» Exercise
Below are some records. Return exactly their lines from the one containing "Morgan Wallen Blurry" through the one containing "Lego klocek 1x1 magenta", and drop the pictures.

» Listed entries
╭──

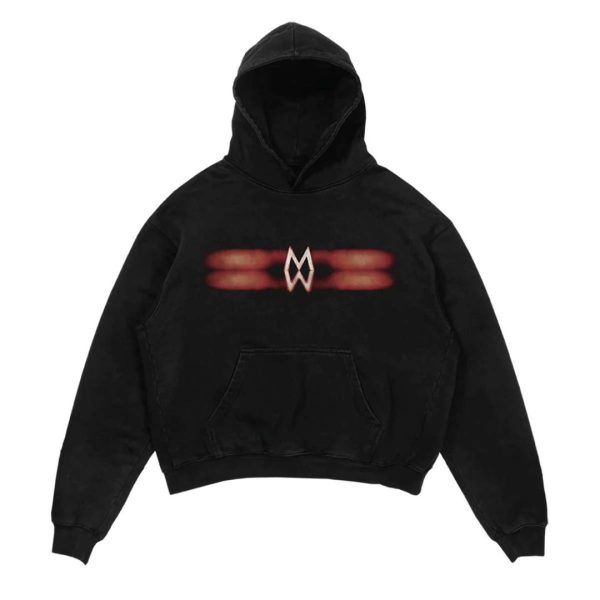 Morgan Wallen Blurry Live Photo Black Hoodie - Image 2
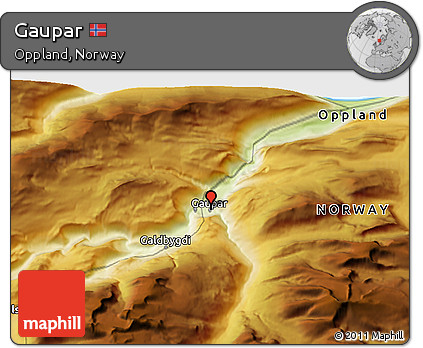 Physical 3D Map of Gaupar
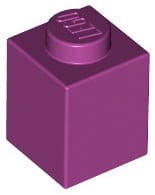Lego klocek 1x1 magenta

╰──
╭──

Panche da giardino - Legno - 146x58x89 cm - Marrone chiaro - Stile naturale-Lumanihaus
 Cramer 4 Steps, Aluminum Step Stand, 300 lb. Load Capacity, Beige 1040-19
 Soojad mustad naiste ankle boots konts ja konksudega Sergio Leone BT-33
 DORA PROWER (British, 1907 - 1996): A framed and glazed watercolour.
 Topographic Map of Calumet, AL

╰──

» Written response
 Morgan Wallen Blurry Live Photo Black Hoodie - Image 2
 Physical 3D Map of Gaupar
Lego klocek 1x1 magenta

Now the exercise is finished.